В «Протагоре» забота о душе связывается, в основном, с познанием и самопознанием, в ходе которого происходит трансформация души, а в «Лахес» — с педагогикой, которая трактуется как обучение искусству жизни. В «Теэтете» и «Федоне» она трактуется как тяжелый груз, тягота и близка хайдеггеровскому пониманию тревоги. В «Пире» речь идет о спасении души для вечной жизни. Таким образом, забота о себе становится уже не столько политической, сколько философской и касается подготовки человека к жизни.
Методы воспитания правителя-философа, описанные Платоном, не исчерпывают способов, на основе которых осуществлялось производство общественного человека. Более того, его учение не столько опирается, сколько отталкивается от тех реальных и особенно недискурсивных практик, которые реально функционировали в античном полисе. Забота о душе — это скорее всего утопия, изучение которой важно на фоне реконструкции реальных способов производства человека. Для этого необходимо обратить внимание на появление государства как большой социальной машины, требующей для своего функционирования людей с совершенно особенными телесными и душевными качествами.
ГОСУДАРСТВЕННОЕ ТЕЛО
Государство является, по мнению Л. Мэмфорда, одним из главных изобретений человечества, раскрывающим суть неолитической революции, которую обычно связывают с техническими открытиями плуга, гончарного круга, ткацкого станка и др. Именно оно связало людей в новый тип общности и произвело фундаментальные изменения не только в способе жизни, но и в психологии, морали и самосознании людей. Аграрное общество, состоящее из небольших общин, зиждется на единстве, коммуникации и кооперации, которые продуцируются и репродуцируются изобретенными в первобытную эпоху мифами, магическими ритуалами, табу, фетишами, тотемами и разного рода обрядами, посвящениями. Наше сегодняшнее понимание этой причудливой картины верований и обычаев связывает их с некими животнообразными и первобытно кровожадными инстинктами наших предков, зовом которых мы, в свою очередь, объясняем наличие в самих себе запретных желаний. Но как несправедливо сваливать на животных нашу агрессивность, культивированную в ходе именно человеческой истории, так же неверно приписывать древним людям некую исходную тягу к насилию, убийству, тирании. Как животные склонны к кооперации и сотрудничеству, так и древние по-своему логичны и рассудительны, более того, вполне умеренны в своих желаниях, и те брутальные обряды, с которыми сталкиваются антропологи, чаще всего являются не столько уступкой якобы врожденному инстинкту разрушения, сколько вполне искусственными способами развития тех качеств, которые необходимы человеку, вынужденному вступать в определенные отношения добывания и производства жизненных благ, обмена продуктами, женщинами и т. п.

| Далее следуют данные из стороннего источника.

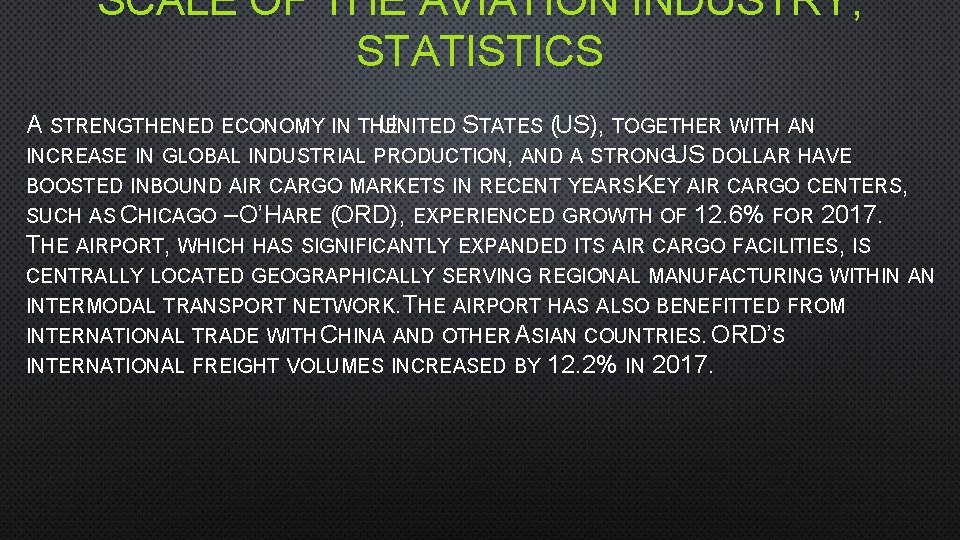 SCALE OF THE AVIATION INDUSTRY; STATISTICS A STRENGTHENED ECONOMY IN THE UNITED STATES (US),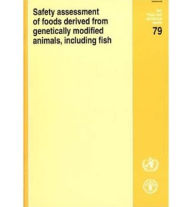 Title: Safety Assessment of Foods Derived from Genetically Modified Animals, Including Fish, Author: Food and Agriculture Organization of the United Nations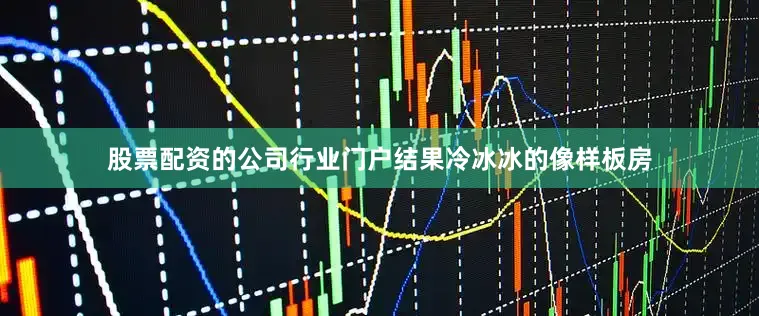 股票配资的公司行业门户结果冷冰冰的像样板房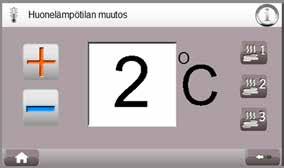 100% maalämpö suomesta KÄYTTÄJÄN OPAS 3.4.1. Huonelämpötilan muutos Lämmönjakopiirin/piirien lämpökäyrän asetusta voidaan muuttaa pikatoiminnon avulla sivulla Huonelämpötilan muutos, jolloin huonelämpötila joko nousee tai laskee.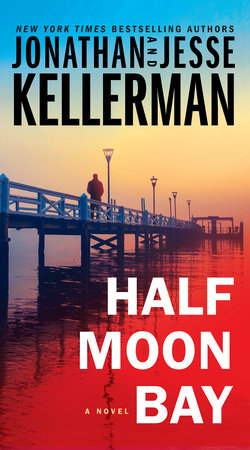 Half Moon Bay Paperback by Jonathan Kellerman and Jesse Kellerman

С появлением городской цивилизации и огромных государств возникает потребность в субъектах принципиально нового типа. Новая авторитарная организация, во главе которой стоит небольшая группа людей, монопольно владеющая властью, контролирует обширную территорию из центра и уже не может полагаться на родственные связи, исторически сложившуюся привязанность людей к месту обитания, на обычаи и обряды, характерные для небольших общин, которые имели тенденцию к выделению и сохранению себя на фоне других общин. «Горизонтальные» связи между людьми уступают место «вертикальным», основанным на иерархической пирамиде. Ее задачами являются захват как можно больших территорий, развитие эффективных орудий труда, освоение территорий, наличие рабочей силы, рекрутируемой из «чужих». При этом, особенно на ранних ступенях, не следует переоценивать экономическую природу государства, главные задачи которого явно не имели непосредственно экономического значения. Государства Америки строили культовые сооружения и тратили силы на создание огромных каменных идолов. Египтяне строили пирамиды. Это говорит о том, что такие государства «легитимировались» магико-природными способами, что объясняет и единство жрецов и царей. Первоначально царь воспитывался для исполнения космологических обязанностей и вовсе не был каким-то первобытным деспотом, реализующим самые необузданные желания. Трон, постоянное и терпеливое восседание на котором составляло очень тяжелую обязанность, символизировал сакральную точку покоя в мире становления и изменения. Величественная, неподвижная фигура царя была стражем, чутко прислушивающимся к зову бытия.